*YOUR GOAL*.
Find the line below with "Personalized Floral Wreath". Print it and every line after it exactly, through the last line, leaving out the pictures.

*DATA EXCERPT*.
•••••
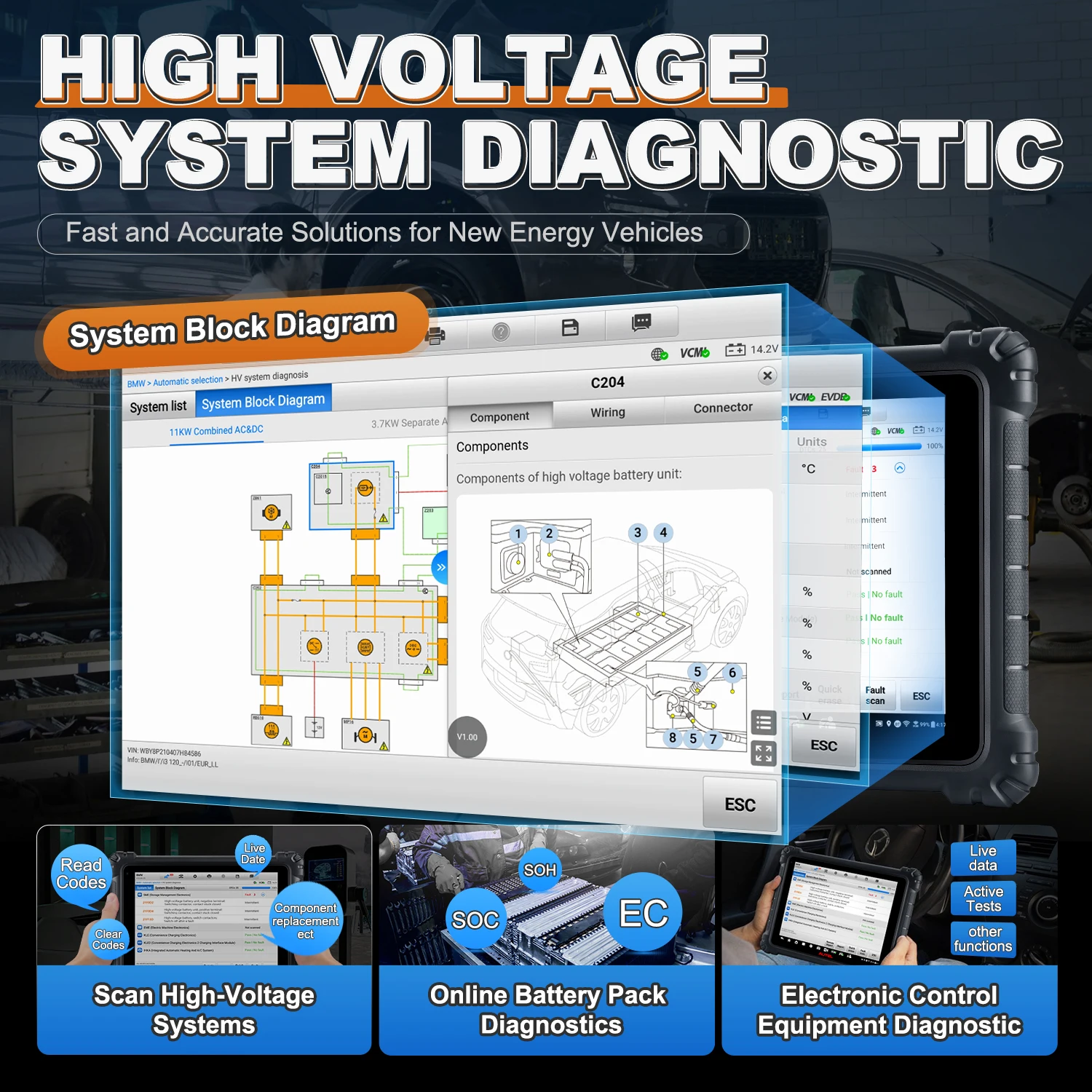 Autel MaxiSys Ultra EV Intelligent EV Diagnostic Tool With EVDiag Kit VCMI EV High-Voltage System&Battery Pack Analysis PK Ultra - Image 2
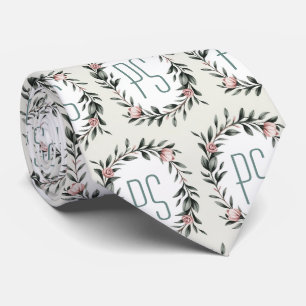 Personalized Floral Wreath Monogram  Tie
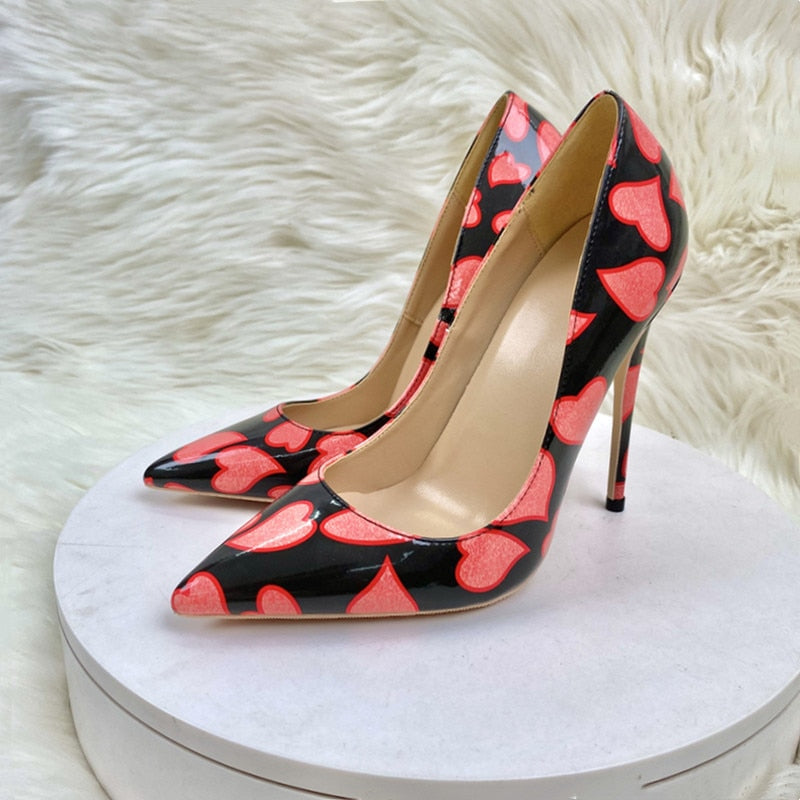 Heart Print Patent Pointed Toe Stiletto Pumps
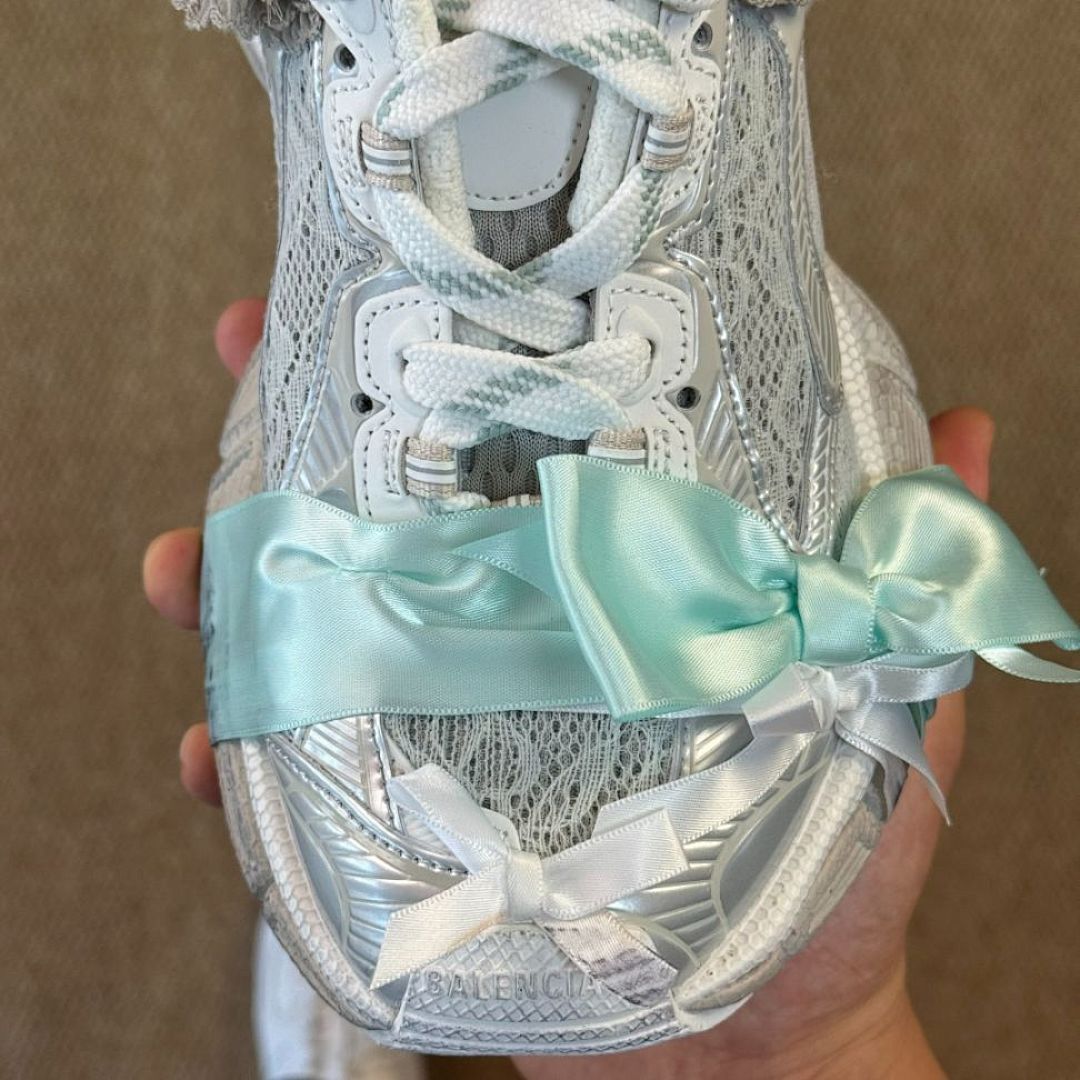Balenciaga Runner Mesh and Nylon Trainers White Silver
•••••
*TASK SOLUTION*.
 Personalized Floral Wreath Monogram  Tie
 Heart Print Patent Pointed Toe Stiletto Pumps
Balenciaga Runner Mesh and Nylon Trainers White Silver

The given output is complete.